Keep it Personalized: Dynamic Pricing in the B2B Universe
More and more companies are attempting to adopt dynamic pricing as a means for increasing profit and revenue. Many of these companies are B2C retailers. This raises the question: How do rapid price changes in the consumer environment influence the relationship between brands and retailers?
Real-Time Pricing Adjustments
Business revenue is fueled by a number of major factors. One of these factors is pricing. B2B companies usually have a rather fixed pricing strategy that guides them. The more dynamic part is the promotion budget, which can be dynamically allocated between the different retailers in order to maximize its ROI.

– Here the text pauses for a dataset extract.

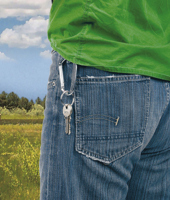 Carabiner keyring 261959_032 (Silver)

Dynamic pricing can help even the most profitable B2B companies increase profit. By automatically analyzing a wide range of variables – consumer trends, competitor behavior, global and local regulations – dynamic pricing platforms can generate real-time promotion recommendations that create larger profit margins for each individual transaction. In an era where service and product providers are expected to respond with lightning quickness, precise pricing adjustments hold significant value.

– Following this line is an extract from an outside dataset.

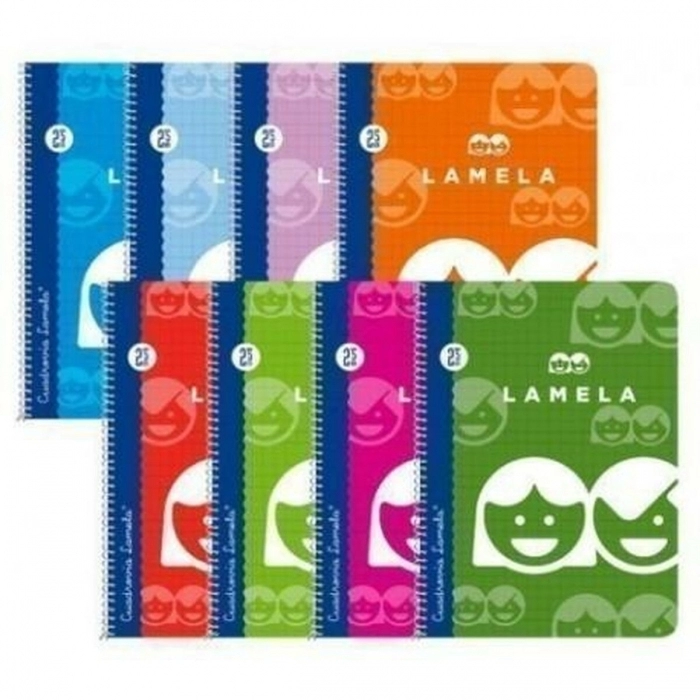 Cuaderno Lamela Multicolor 40 Hojas Cuarto (10 Unidades) Cuaderno Lamela Multicolor 40 Hojas Cuarto (10 Unidades)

Establishing a Pricing Strategy
In order for dynamic pricing to actually work, the brand needs to accurately predict, using complex AI technologies, the price changes each promotion will trigger at each channel; and, based on price elasticity, understand how this price change will eventually affect sales, revenue and profit.
Mapping the Variables
Once a pricing strategy is established, brands can use simulation tools in order to optimize their promotion spend and achieve their goals. For example, a certain discount given to a specific retailer may not change the end user price, thus leaving sales as is, adding to the bottom line of the retailer on the brand’s account (zero sum game). For a different retailer, a similar discount may all be transferred to the customer, increasing sales and revenue.
- Buy One Get One Free
MAP Pricing – When the Brand Sets the Price
A MAP price is a minimum amount that resellers agree not to advertise below. For example, if a backpack company sets a MAP price of $50 for its best-selling item, then all resellers including brick and mortar stores and Amazon resellers are obligated to advertise this product at $50 or more.
In this case, the brand is actually pricing like a retailer – and dynamic pricing enables to enforce a more dynamic policy.
Entering the Era of Adaptability
In order to maintain their growth, brands need to be able to continually adapt to dynamic realities. The reality of retailers pricing rapidly and personally, while the brands maintain fixed pricing that does not reflect the economic value of their goods, is being disrupted by the rise of dynamic pricing.